Tout ce qu’il avait saisi, c’était qu’un film allait être tourné l’hiver prochain. Il s’inspirait de son enquête dans les Pyrénées et surtout de l’évasion du Suisse de l’institut Wargnier. Les noms avaient été changés, bien sûr, mais l’argument du film était transparent. Deux acteurs fort connus étaient pressentis pour interpréter le serial killer et le commissaire (sic). Servaz se sentit nauséeux. C’était ça, la société de consommation, désormais, songea-t-il : l’exhibition, le voyeurisme, la marchandisation. Impossible de ne pas penser à la phrase de Debord : « Toute la vie des sociétés dans lesquelles règnent les conditions modernes de production s’annonce comme une immense accumulation de spectacles. » Une phrase d’une clairvoyance absolue écrite plus de quarante ans auparavant…

Il se sentit en colère, mais aussi effrayé. Toute cette agitation… Pendant ce temps, où se trouvait le Suisse ? Que préparait-il ? Il se dit que Julian Alois Hirtmann pouvait aussi bien être à Canberra, dans le Kamtchatka ou à Punta Arenas que dans un cybercafé au coin de la rue. Servaz pensa à la cavale d’Yvan Colonna. Les médias, les flics, les services antiterroristes l’avaient cru en Amérique du Sud, en Australie, partout — alors que le Corse se cachait dans une bergerie à une trentaine de kilomètres à peine du lieu où avait été commis le crime pour lequel on le pourchassait.

Hirtmann pouvait-il vraiment être à Toulouse ?

Plus d’un million d’habitants en comptant l’aire urbaine. Une population multiforme. Une multiplicité de destins, de drames individuels, de pulsions collectives. Un écheveau de rues, places, routes, rocades, échangeurs, bretelles. Des dizaines de nationalités — Français, Anglais, Allemands, Espagnols, Italiens, Algériens, Libanais, Turcs, Kurdes, Chinois, Brésiliens, Afghans, Maliens, Kényans, Tunisiens, Rwandais, Arméniens…

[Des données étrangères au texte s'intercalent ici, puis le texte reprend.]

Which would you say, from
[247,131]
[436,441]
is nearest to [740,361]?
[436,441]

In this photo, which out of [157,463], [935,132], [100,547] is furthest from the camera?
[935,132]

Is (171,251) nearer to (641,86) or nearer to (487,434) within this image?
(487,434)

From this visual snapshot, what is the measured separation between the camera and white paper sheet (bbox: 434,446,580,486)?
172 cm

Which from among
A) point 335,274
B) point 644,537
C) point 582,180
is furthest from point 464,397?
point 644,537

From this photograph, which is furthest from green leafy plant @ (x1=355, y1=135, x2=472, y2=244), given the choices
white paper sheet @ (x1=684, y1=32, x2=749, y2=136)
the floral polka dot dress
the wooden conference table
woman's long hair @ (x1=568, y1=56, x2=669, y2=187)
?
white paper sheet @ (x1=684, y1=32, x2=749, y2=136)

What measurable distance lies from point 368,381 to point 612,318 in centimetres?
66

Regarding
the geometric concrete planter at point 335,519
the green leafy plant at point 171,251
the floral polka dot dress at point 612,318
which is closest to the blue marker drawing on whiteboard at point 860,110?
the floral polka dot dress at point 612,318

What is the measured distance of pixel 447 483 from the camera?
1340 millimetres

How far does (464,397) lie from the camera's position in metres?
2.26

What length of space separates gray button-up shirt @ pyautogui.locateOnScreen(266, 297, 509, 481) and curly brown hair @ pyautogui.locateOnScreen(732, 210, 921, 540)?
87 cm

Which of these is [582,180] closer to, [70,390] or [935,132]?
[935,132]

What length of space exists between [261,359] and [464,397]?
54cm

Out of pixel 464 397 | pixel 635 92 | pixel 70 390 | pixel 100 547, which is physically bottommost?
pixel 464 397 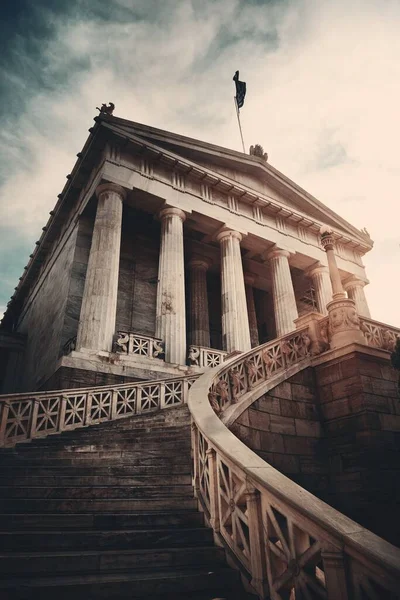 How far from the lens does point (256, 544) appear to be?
3.38 m

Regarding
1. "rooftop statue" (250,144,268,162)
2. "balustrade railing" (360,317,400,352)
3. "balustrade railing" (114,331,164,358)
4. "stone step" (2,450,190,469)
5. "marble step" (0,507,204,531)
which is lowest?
"marble step" (0,507,204,531)

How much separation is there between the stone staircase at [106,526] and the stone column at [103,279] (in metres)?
6.00

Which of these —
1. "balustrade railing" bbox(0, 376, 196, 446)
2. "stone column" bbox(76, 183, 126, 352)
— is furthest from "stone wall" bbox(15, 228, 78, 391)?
"balustrade railing" bbox(0, 376, 196, 446)

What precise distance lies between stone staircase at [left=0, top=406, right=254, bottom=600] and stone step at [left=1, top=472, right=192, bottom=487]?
0.01 meters

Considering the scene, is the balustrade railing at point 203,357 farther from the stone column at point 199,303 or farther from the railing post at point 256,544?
the railing post at point 256,544

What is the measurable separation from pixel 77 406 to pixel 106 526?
5296 millimetres

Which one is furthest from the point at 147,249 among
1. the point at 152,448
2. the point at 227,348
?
the point at 152,448

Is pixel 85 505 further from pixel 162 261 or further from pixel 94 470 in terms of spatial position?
pixel 162 261

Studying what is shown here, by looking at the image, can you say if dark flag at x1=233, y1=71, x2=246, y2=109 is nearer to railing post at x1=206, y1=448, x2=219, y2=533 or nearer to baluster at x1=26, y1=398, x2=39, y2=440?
baluster at x1=26, y1=398, x2=39, y2=440

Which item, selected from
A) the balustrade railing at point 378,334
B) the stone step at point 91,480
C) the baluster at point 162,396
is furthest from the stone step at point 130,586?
the balustrade railing at point 378,334

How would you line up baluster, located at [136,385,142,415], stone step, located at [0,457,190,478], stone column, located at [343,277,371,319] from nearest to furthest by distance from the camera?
1. stone step, located at [0,457,190,478]
2. baluster, located at [136,385,142,415]
3. stone column, located at [343,277,371,319]

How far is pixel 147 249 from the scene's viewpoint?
68.1ft

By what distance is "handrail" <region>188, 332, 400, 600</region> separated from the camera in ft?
8.00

Où cacher un arbre ? Dans une forêt…

Il trouva son numéro dans l’annuaire. Elle n’était pas sur liste rouge, mais elle n’avait pas été non plus jusqu’à faire figurer son prénom : M. Bokhanowsky. Il hésita un bon moment avant de le composer. Elle répondit à la deuxième sonnerie.

— Allô ?

— C’est Martin, dit-il. (Il hésita une demi-seconde.) Est-ce qu’on pourrait se voir ? J’aurais quelques questions à te poser… au sujet d’Hugo.

Un silence.

— Je veux que tu me dises la vérité, là, maintenant : est-ce que tu crois que c’est lui ? Est-ce que tu crois mon fils coupable ?

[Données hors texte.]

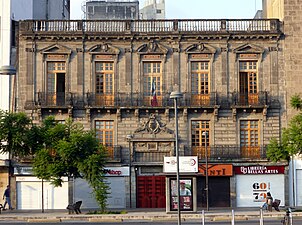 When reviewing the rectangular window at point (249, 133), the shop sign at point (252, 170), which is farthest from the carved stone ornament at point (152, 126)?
the shop sign at point (252, 170)

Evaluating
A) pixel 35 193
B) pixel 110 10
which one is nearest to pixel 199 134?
pixel 35 193

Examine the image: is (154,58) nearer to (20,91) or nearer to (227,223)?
(20,91)

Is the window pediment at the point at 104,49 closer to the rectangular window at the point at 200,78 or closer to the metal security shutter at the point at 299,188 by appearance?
the rectangular window at the point at 200,78

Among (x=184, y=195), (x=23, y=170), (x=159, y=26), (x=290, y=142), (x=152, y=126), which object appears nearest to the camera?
(x=184, y=195)

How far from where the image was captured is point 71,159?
1655 inches

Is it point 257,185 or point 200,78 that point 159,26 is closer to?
point 200,78

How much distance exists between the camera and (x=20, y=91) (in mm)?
48781

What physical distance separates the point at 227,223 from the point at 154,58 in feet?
55.4

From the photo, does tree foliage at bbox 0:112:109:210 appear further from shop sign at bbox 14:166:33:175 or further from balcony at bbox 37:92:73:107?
balcony at bbox 37:92:73:107

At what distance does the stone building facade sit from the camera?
159 ft

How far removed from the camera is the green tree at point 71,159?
136 ft

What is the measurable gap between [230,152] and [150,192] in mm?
5847

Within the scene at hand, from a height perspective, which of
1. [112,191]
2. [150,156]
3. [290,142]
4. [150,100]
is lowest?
[112,191]

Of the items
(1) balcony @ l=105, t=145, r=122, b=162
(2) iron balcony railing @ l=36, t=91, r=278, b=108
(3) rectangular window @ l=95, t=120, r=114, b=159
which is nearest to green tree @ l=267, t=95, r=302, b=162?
(2) iron balcony railing @ l=36, t=91, r=278, b=108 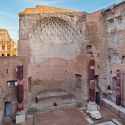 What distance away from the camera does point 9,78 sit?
45.6ft

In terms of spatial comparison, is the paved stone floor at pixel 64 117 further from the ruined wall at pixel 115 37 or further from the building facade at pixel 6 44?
the building facade at pixel 6 44

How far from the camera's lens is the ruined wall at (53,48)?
54.5 feet

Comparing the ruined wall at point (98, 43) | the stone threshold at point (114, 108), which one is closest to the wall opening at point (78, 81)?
the ruined wall at point (98, 43)

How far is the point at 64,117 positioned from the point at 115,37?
334 inches

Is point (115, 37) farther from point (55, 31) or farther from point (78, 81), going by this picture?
point (55, 31)

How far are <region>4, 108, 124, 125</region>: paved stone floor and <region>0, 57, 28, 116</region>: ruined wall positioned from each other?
1.87m

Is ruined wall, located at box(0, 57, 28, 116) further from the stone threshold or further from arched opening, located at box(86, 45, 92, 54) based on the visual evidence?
the stone threshold

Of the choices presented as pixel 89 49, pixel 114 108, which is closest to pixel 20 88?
pixel 89 49

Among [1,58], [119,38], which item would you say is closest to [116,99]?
[119,38]

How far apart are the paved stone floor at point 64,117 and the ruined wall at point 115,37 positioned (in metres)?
2.13

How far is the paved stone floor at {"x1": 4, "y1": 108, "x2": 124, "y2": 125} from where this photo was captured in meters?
14.2

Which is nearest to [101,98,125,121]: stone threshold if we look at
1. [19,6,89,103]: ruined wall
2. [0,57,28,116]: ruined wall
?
[19,6,89,103]: ruined wall

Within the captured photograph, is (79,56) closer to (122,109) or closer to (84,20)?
(84,20)

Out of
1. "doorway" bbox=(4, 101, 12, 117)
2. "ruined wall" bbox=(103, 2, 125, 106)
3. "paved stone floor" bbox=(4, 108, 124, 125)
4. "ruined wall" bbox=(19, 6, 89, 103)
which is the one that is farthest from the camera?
"ruined wall" bbox=(19, 6, 89, 103) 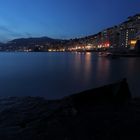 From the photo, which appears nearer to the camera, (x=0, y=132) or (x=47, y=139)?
(x=47, y=139)

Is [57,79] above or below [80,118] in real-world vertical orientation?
below

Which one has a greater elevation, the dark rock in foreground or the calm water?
the dark rock in foreground

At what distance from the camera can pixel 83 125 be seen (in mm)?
10867

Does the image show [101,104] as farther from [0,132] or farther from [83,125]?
[0,132]

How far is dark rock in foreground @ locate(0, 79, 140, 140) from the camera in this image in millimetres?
9847

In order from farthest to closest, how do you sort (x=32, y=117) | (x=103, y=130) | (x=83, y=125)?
(x=32, y=117)
(x=83, y=125)
(x=103, y=130)

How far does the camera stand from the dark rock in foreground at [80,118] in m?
9.85

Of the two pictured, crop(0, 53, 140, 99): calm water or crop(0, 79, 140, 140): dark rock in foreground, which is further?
crop(0, 53, 140, 99): calm water

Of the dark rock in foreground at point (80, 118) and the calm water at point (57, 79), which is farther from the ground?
the dark rock in foreground at point (80, 118)

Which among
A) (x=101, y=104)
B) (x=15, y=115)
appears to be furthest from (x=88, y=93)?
(x=15, y=115)

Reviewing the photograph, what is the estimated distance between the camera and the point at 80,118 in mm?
11688

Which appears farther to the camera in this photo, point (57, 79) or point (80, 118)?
point (57, 79)

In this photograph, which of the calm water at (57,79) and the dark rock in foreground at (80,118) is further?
the calm water at (57,79)

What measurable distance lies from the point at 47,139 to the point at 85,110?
386 cm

La voix vibrait, aussi tendue et fragile que le fil de soie d’une araignée.

— Pas au téléphone, répondit-il. Mais si tu veux savoir, j’ai de plus en plus de doutes sur sa culpabilité. Je sais combien c’est difficile pour toi, mais il faut qu’on parle. Je peux être à Marsac dans une heure et demie environ. Ça va, ou tu préfères qu’on remette ça à demain ?

Il devina qu’elle réfléchissait et il attendit.

— Marianne ? dit-il comme elle ne répondait pas.